The answer: they need to improve their timing synchronization across their processes, so that they can reconcile when an event happened in the real world and when an application recorded it. As applications become faster and more distributed, it is inevitable that latency differences emerge between the older applications and the new. However, if all the clocks in the process share the same, accurate time, the latencies will no longer be hidden and more difficult to exploit.

In 2018, MiFID II took decisive steps to resolve these problems in financial services. Its enforcement of firm rules on timing infrastructure has resulted in progressive technology innovation, meaning that it has never been easier, and cheaper, to ensure accurate time.

Companies wanting to install synchronized time no longer need to install individual grandmaster clocks exclusively for their own use. Instead, they can download highly accurate software that connects to trusted timing sources using their existing connectivity and effectively rent access to grandmaster clocks in the cloud as a subscription. This ultimately enables companies to execute existing obligations for less.

Hashing out MiFID II

Traceable timestamping has become an essential element of the post-MiFID world. Its possible application within hash ledgers and blockchain is a strong example of this.
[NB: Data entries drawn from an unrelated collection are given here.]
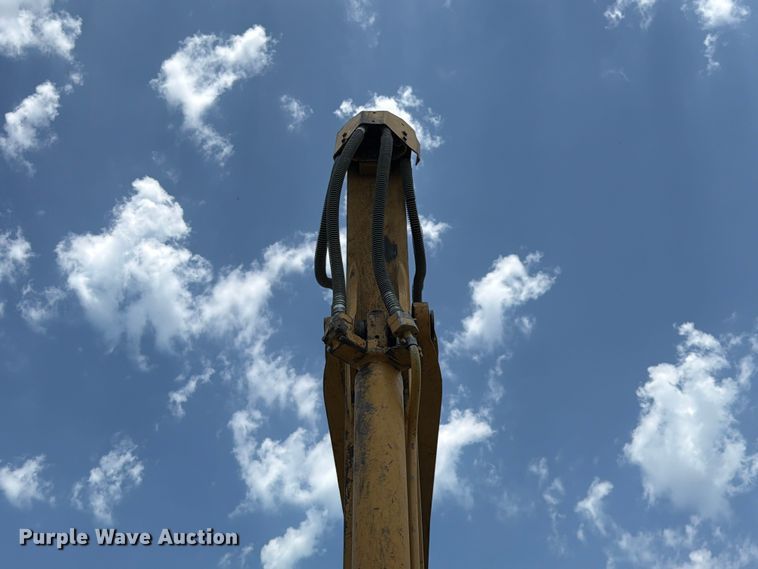 image for item FK3529 1985 Caterpillar 225LC excavator
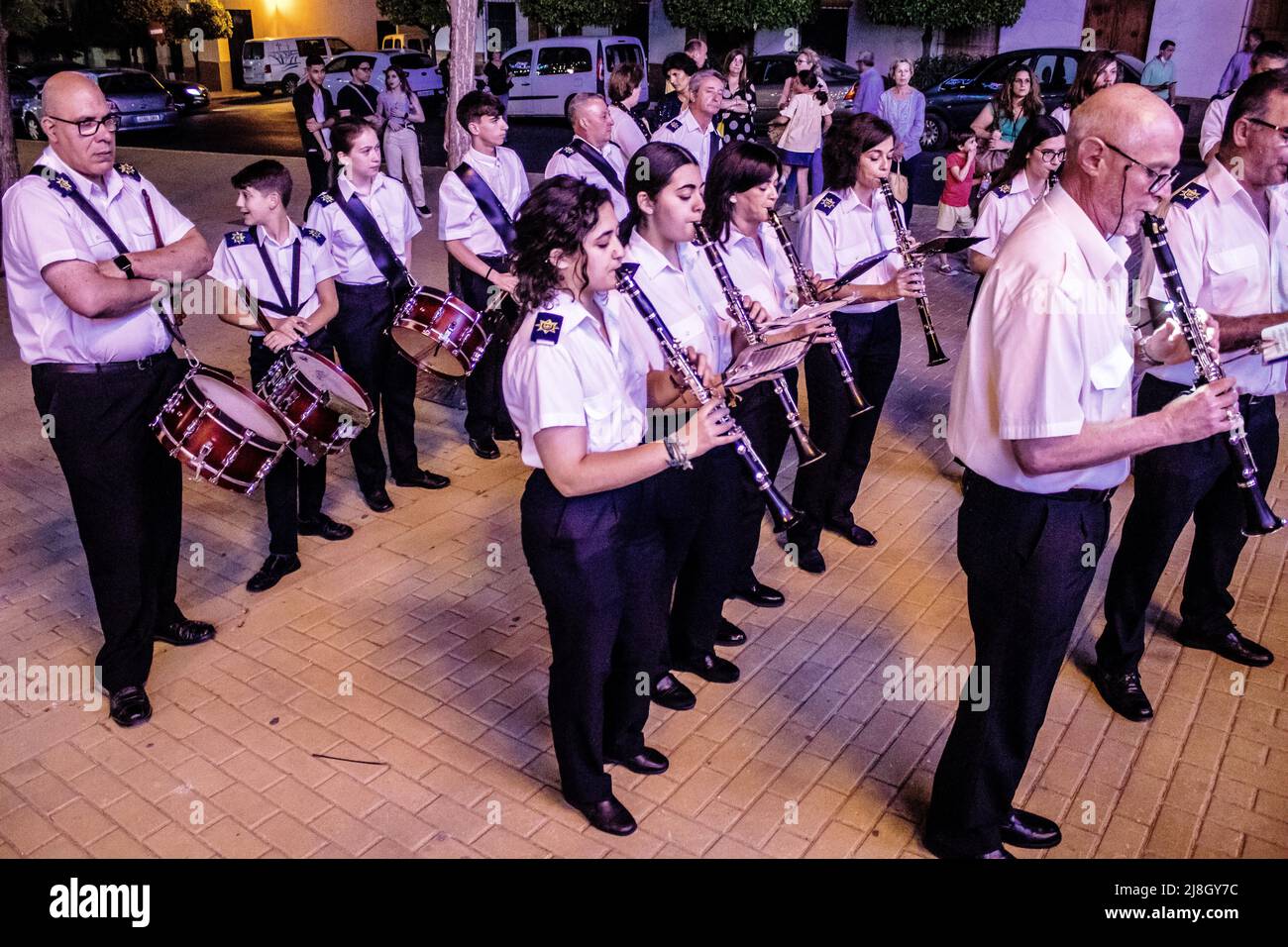 Carmona, Espagne - 11 mai 2022 le groupe musical joue à la Feria de ...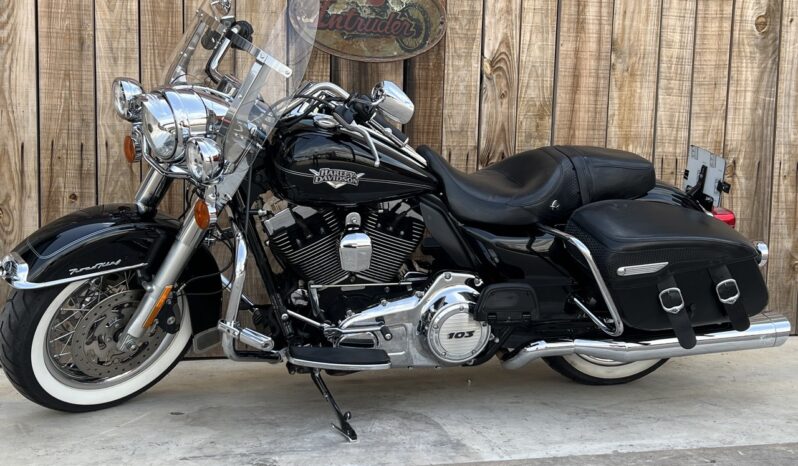 HARLEY DAVIDSON ROAD KING CLASSIC 103 lleno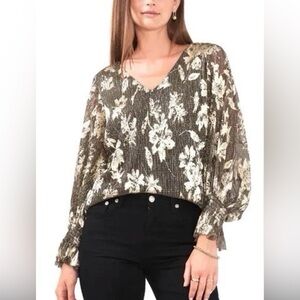 Vince Camuto Gold Floral Metallic Pleated V-Neck Blouse - Size XL
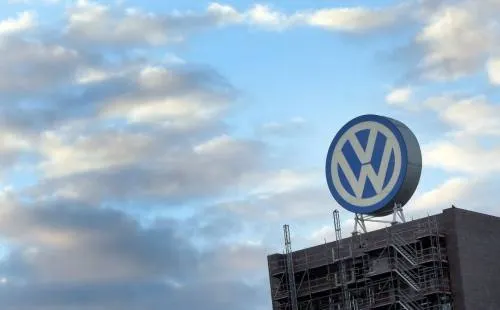 Principal propietario de Volkswagen deberá pagar 47 millones de euros a accionistas por “dieselgate”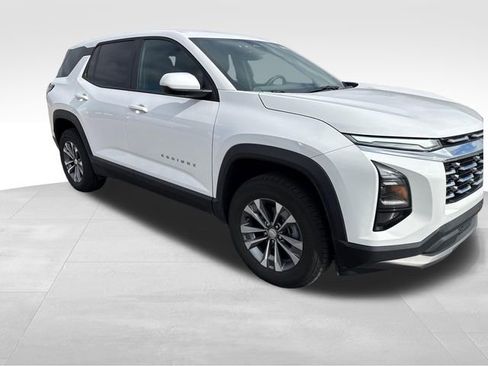 Used 2026 Chevrolet Equinox LT w/ Convenience Package II image 7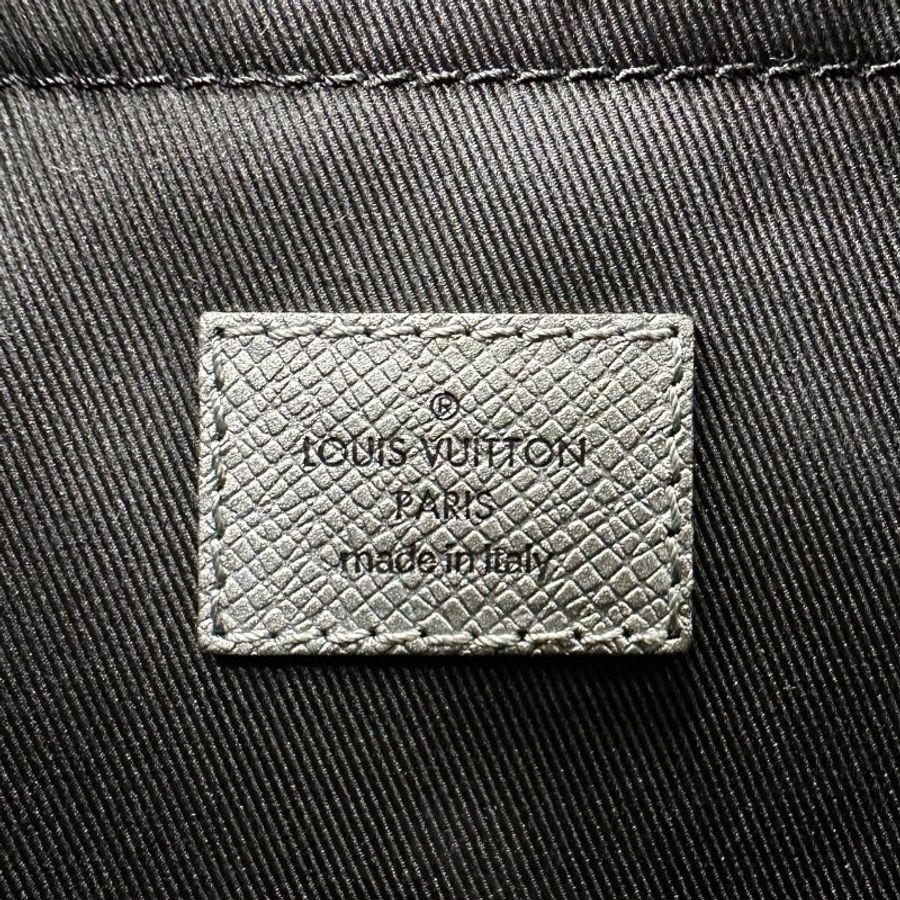 LV Outdoor銀灰郵差包-8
Blockchain is currently heralded for its ability to provide a secure audit trail, as its use of hash ledgers ensures that any transaction is immutable. But often the hash chain still relies on unsynchronized clocks to provide the timestamps in the applications.

The addition of an accurate timestamp would provide precise information about when the event occurred. This means that Blockchain would gain an extra layer of protection and that any transactions that occur would be more easily traceable to a physical reference as a form of verification.

The benefit of this is highlighted through the automatic verification of sequence and interval in a process to aid in the resolution of trading disputes. Take the case of smart contracts: digital contracts which are programmed to self-execute when the pre-established conditions have been met. The use of hash ledgers in smart contracts means that the terms of the contract cannot be changed without all parties knowing. However, by insisting all parties in the process have accurate time and verified timestamps, you have an additional independent verification of the validity of the blockchain sequence.

We need global trust in financial services

MiFID II demanded that any digital financial transaction that occurs across EMEA must be traceable with precision timing and inventive new software has made it happen. Britain will need these strong financial regulations as its global trading presence shifts to become more independent in the coming months and business emerges from the triage phase of the pandemic crisis.

Firstly, maintaining the European standard of MiFID II ensures continued access to the EU’s trading bloc. In 2018, the EU launched the ‘Equivalence’ system, which stipulates that the access of British financial services firms to the bloc is dependent on whether British regulation continues to be as stringent as the European Union’s.

Secondly, any changes to MiFID II would only further shake public and investor trust in the market, which is vital to investor confidence. This was exemplified in early February when the sterling dropped significantly against the US dollar following a Bloomberg discussion about a MiFID “shake up” by the ESMA).

MiFID II has made the financial world a more accountable and reliable place.  It promotes international trust in the data standards of financial services through its support of critical infrastructure such as timing resilience. Discussion of terminating MiFID alongside Brexit adds doubt about future standards and creates unnecessary risk for the British economy. We may wish to unilaterally control the standards under which we operate, but if we want to trade with others, we need to cooperate on regulatory matters so our partners trust our standards and market confidence is protected.